Like everything else we want to know more about, we have to
spend time learning about him to know him. This can’t happen in one hour a week (or, for most
church-goers, in one hour once a month or twice a month).
If our faith is going to be deep and transformative, we need
to make the study of God a priority in our lives—to read the Bible every day
(even the hard parts); to worship regularly; to take a class or seminar that
helps us dig deeper.
Think of it this way: Do you know as much about the God of
your Faith as you do:
·
Politics?
·
Sports?
·
Hollywood?
·
The “characters” in your favorite “Reality TV”
show?
·
Cars?
·
Sewing?
·
Painting?
·
Your career?
Again, there’s nothing wrong with knowing stuff about stuff,
important stuff or even stuff that doesn’t really matter. It can help us connect with life and
expands our field of vision—even though that field of vision can, at times, be
fairly shallow. But life is lived
in the depths. And Spiritual
Redwoods have roots that go down deep into the ground. The deeper the roots, the more
established the faith, the deeper the life.
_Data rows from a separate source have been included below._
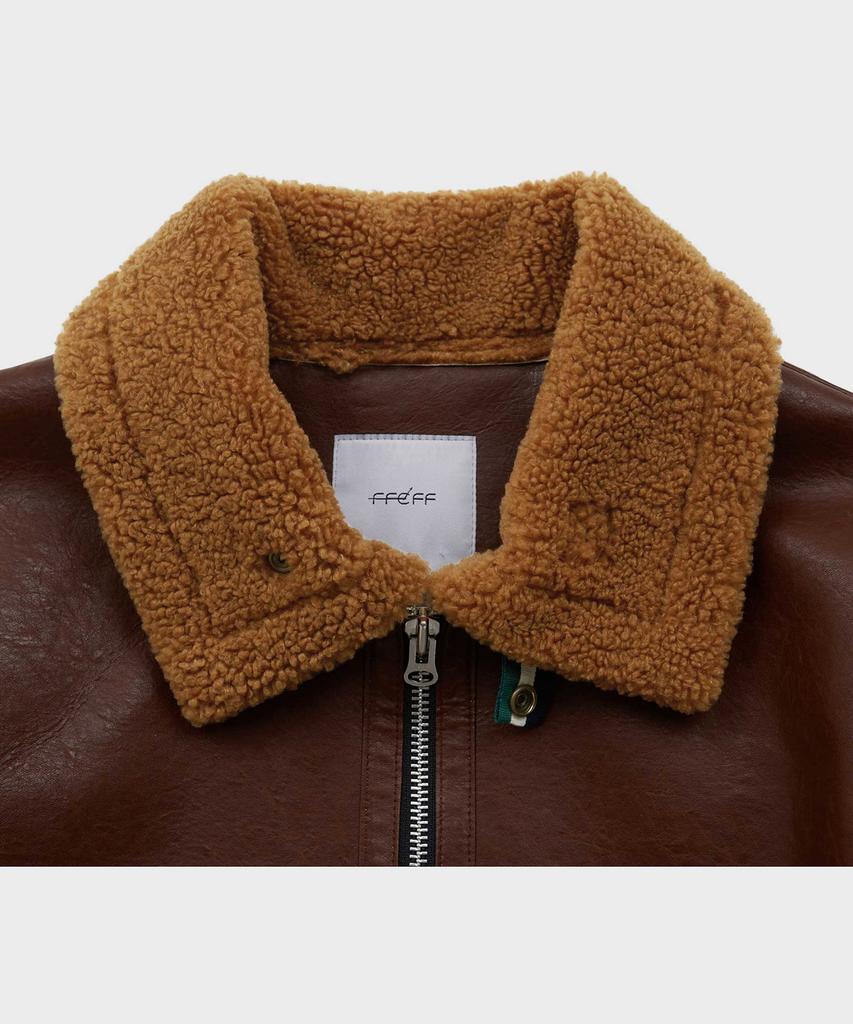 Ffeff Studio Leather Shearling Jacket (Brown)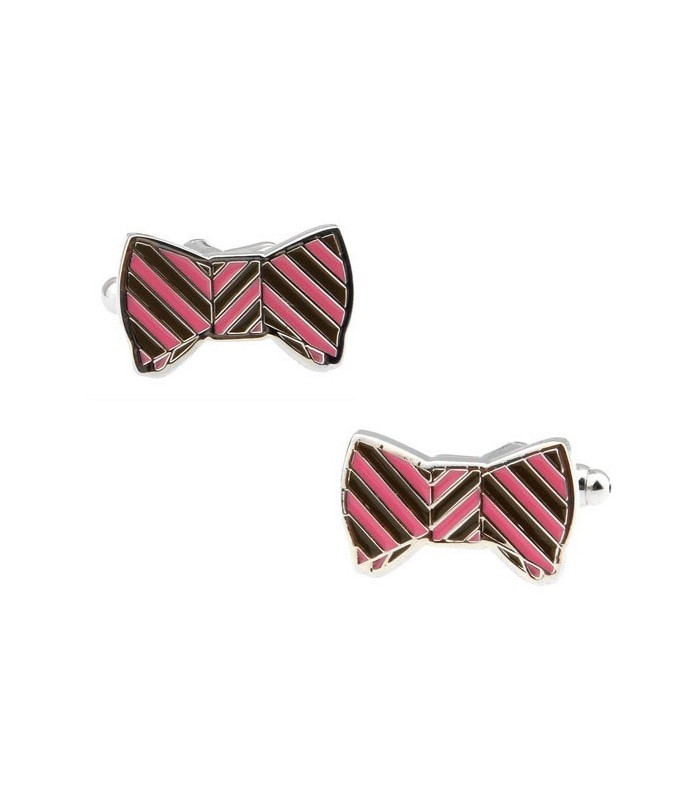 Gemelos de Camisa Pink   Brown Bow Tie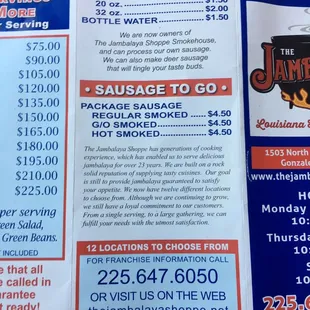 Go on and order ya deer sausage, ya hear?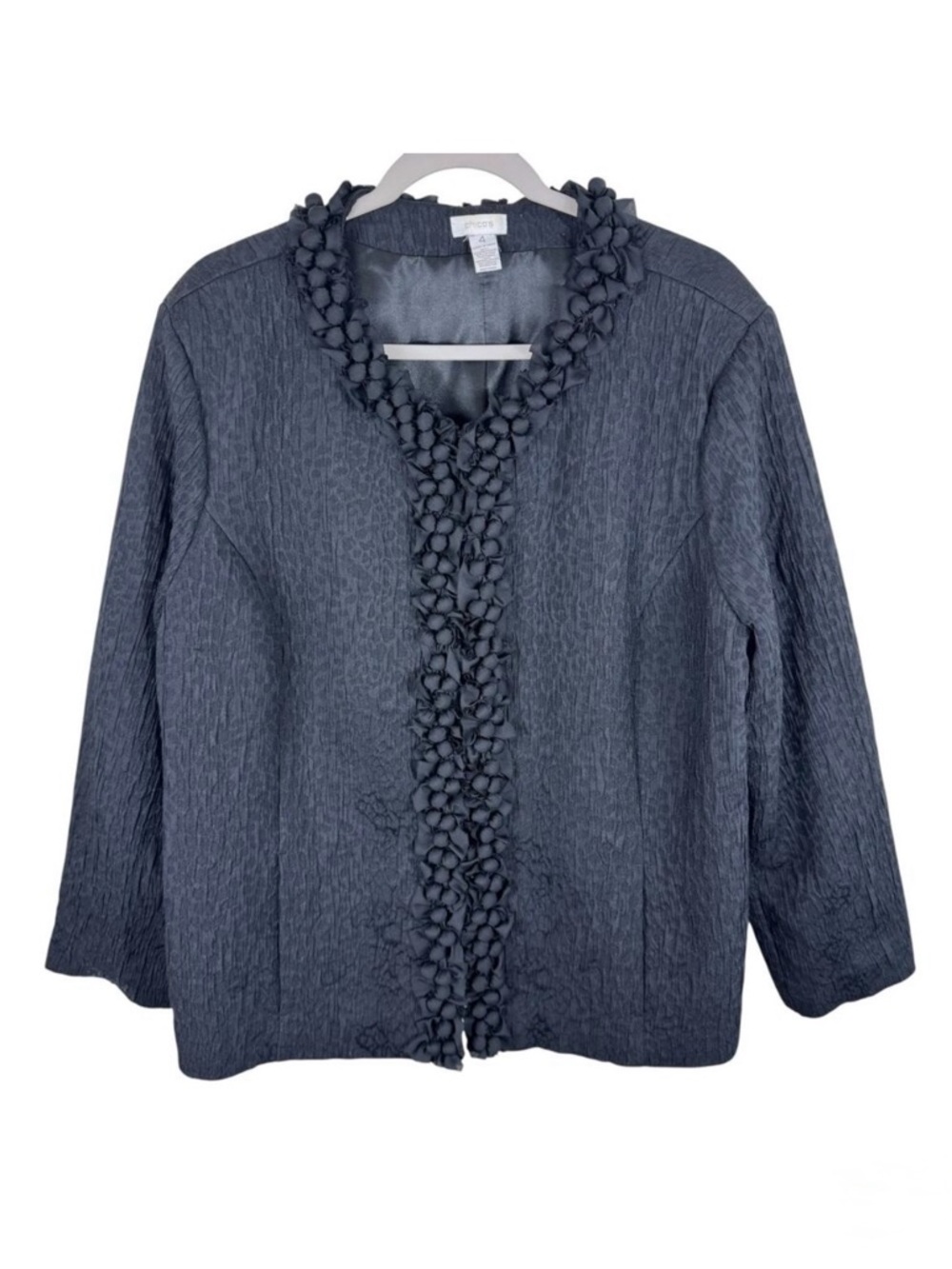 Chico's Black Forget Me Not Textured Crew Neck Hook Closure Lined Jacket Sz XXL
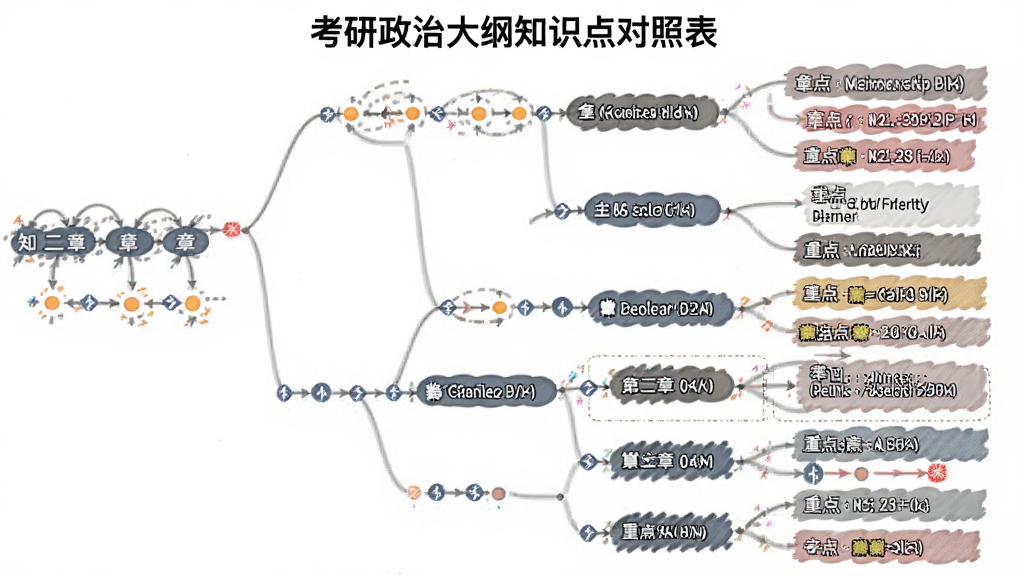 考研政治大纲知识点对照表,主体为知识树状图,布局层级分明,排版有序,风格专业,细节包括章节节点与重点标记,画质高清,干净无多余元素
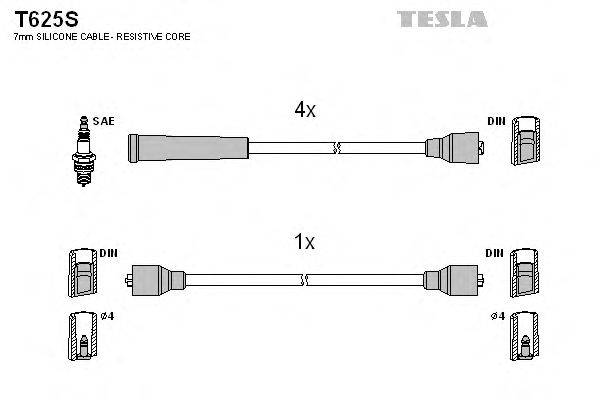 Комплект проводов зажигания TESLA T625S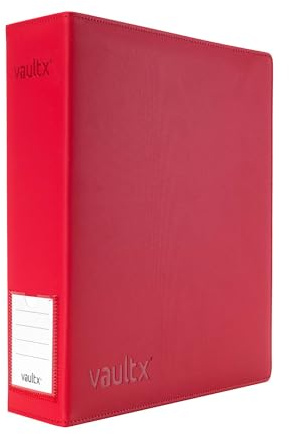 Vault X Raccoglitore a 3 Anelli per Carte da Collezione, Compatibile con Pagine a 9 Tasche, 900 Carte, Materiale Exo-Tec, Apertura Facile, Raccoglitore con Clip ad Anello D, TCG (Rosso, Grande)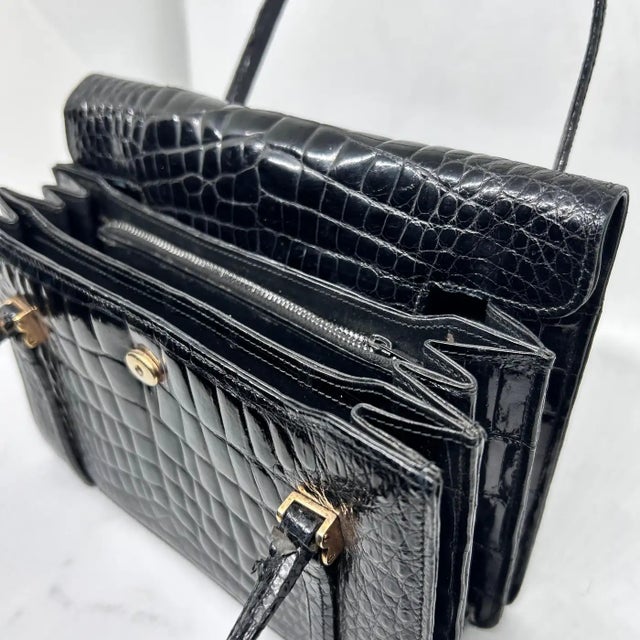 Black 1950s Black Leather Italian Top Micro Handle Bag For Sale - Image 8 of 8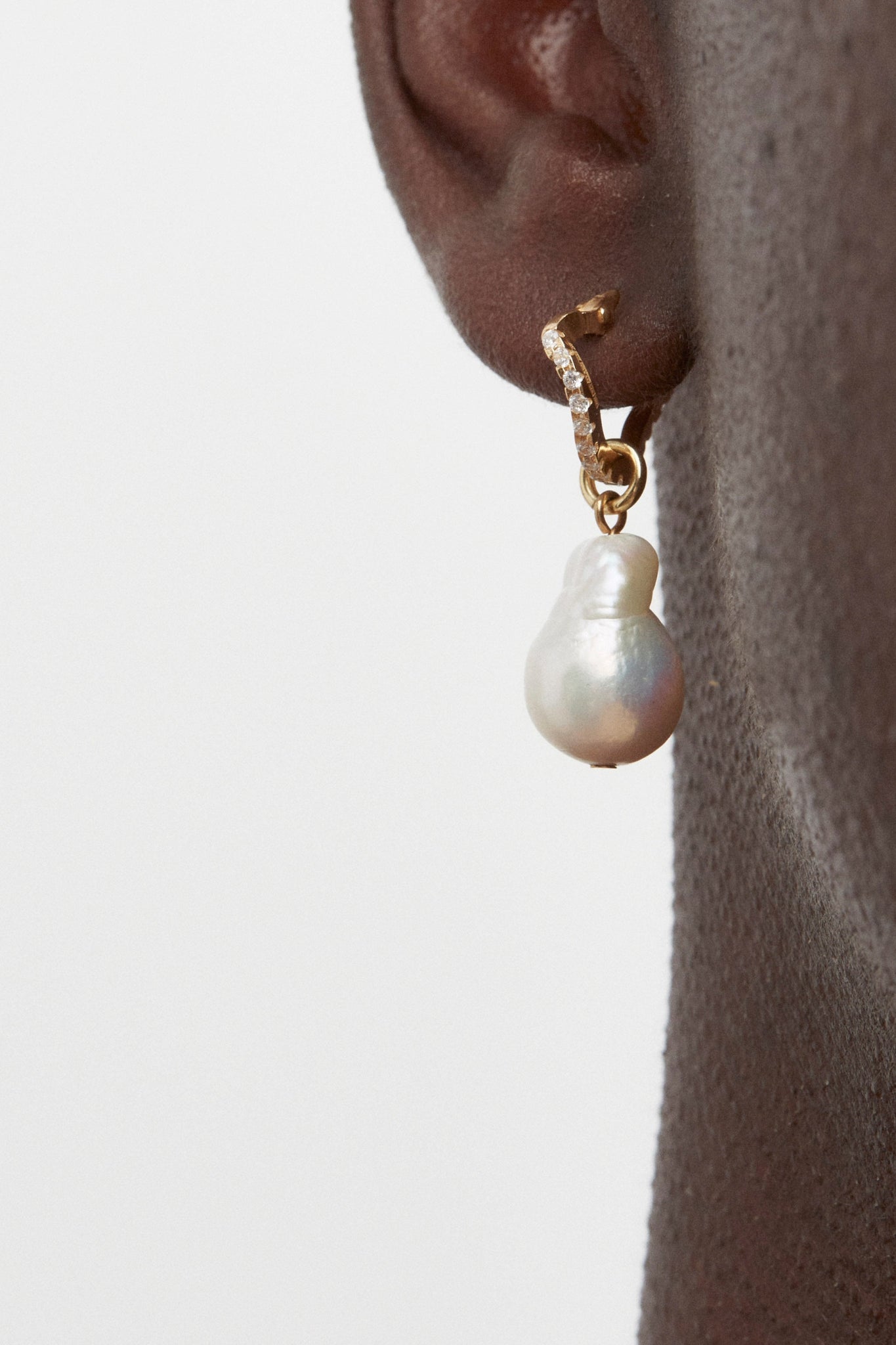 Pearled Drop Hoop Earring - Earrings - Cornelia Webb - 5
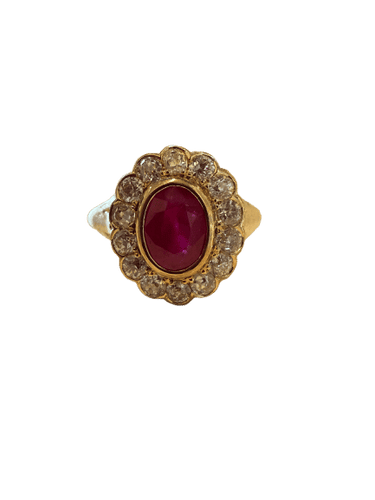 Bague 53 Vintage yellow gold ruby ring 58 Facettes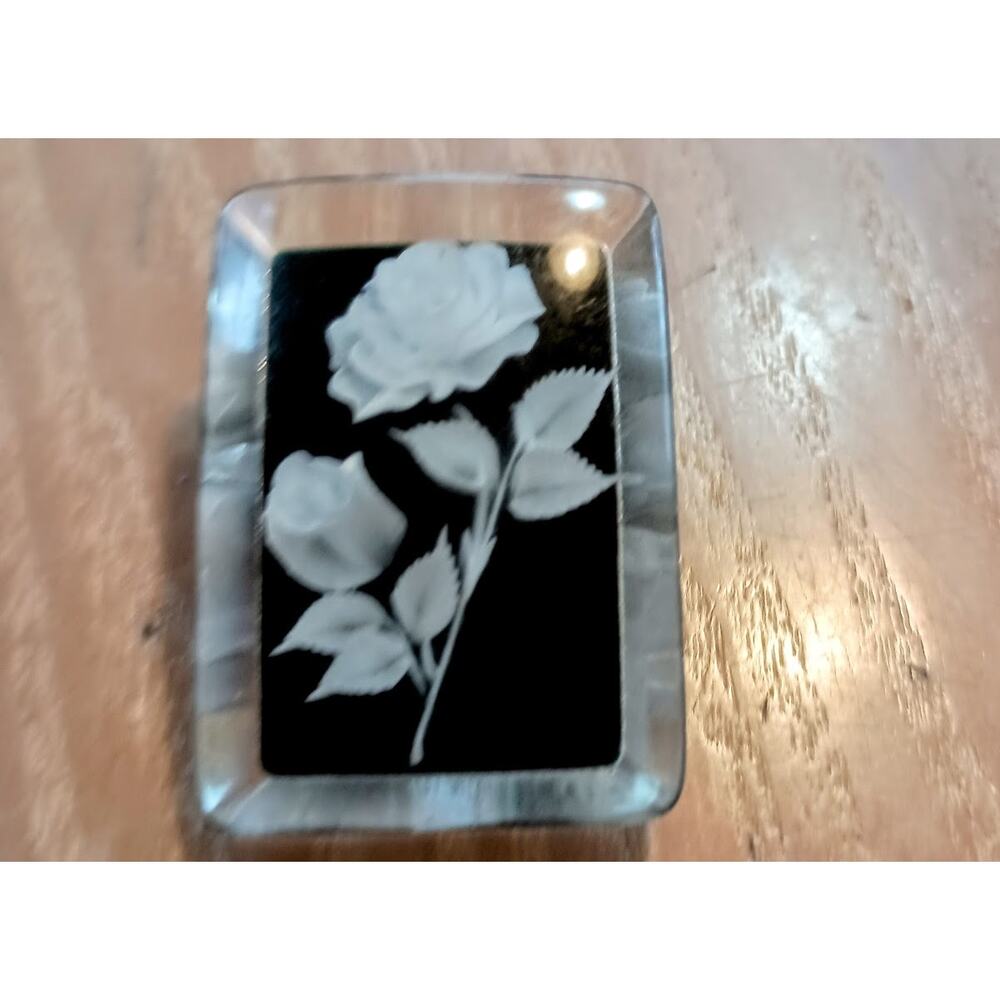 Vintage White Rose Flower Reverse Carved Lucite Brooch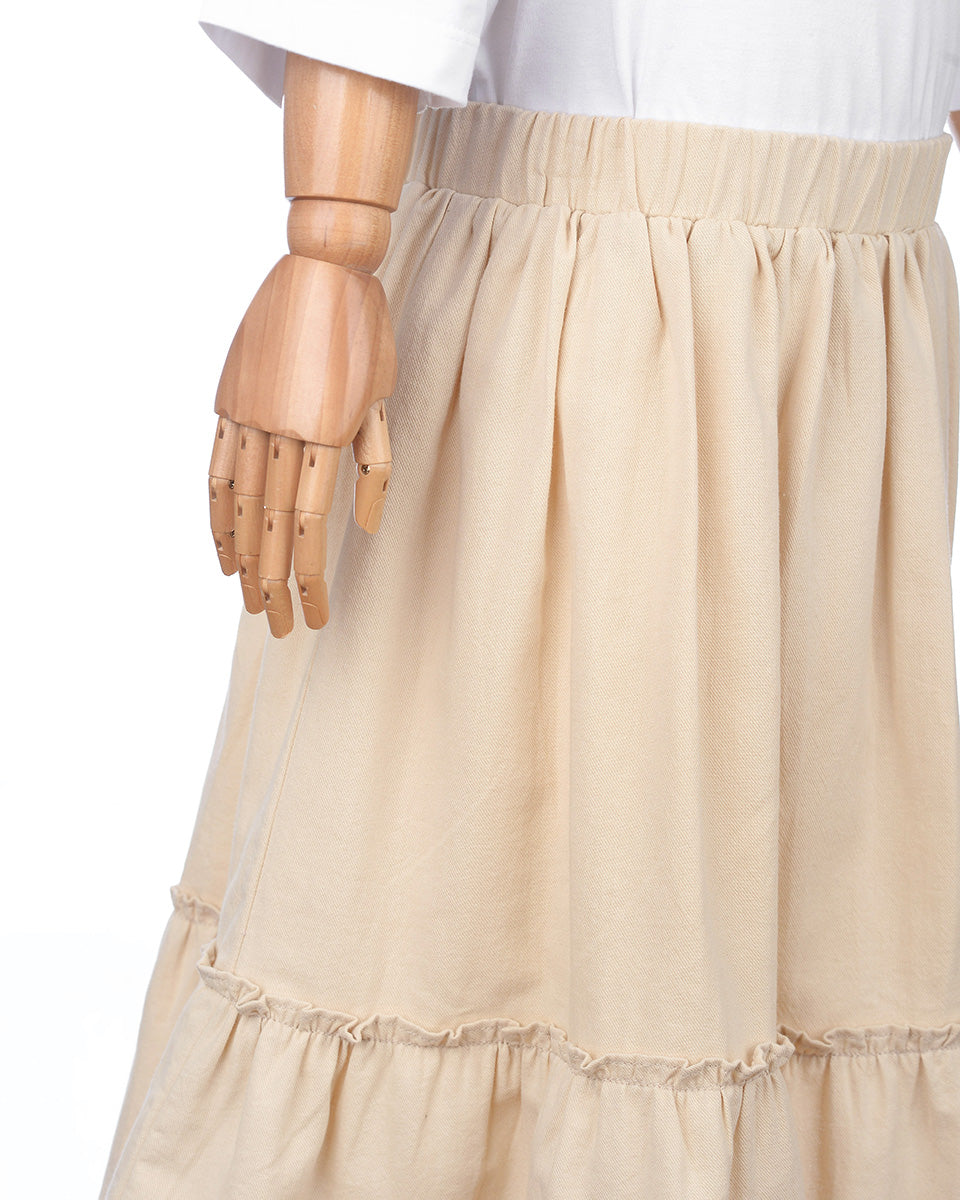Nina Midi Skirt in Cream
No matter where we are in our spiritual journey, we can
continue to live our lives in Jesus, growing through learning as much as we can
about him. Because ultimately
Spiritual Redwoods never stop growing.
No matter how deep our roots go into the things of God, we’re never
anywhere near the bottom.
And that depth will not only serve you well…it may very well
transform the lives of those around you.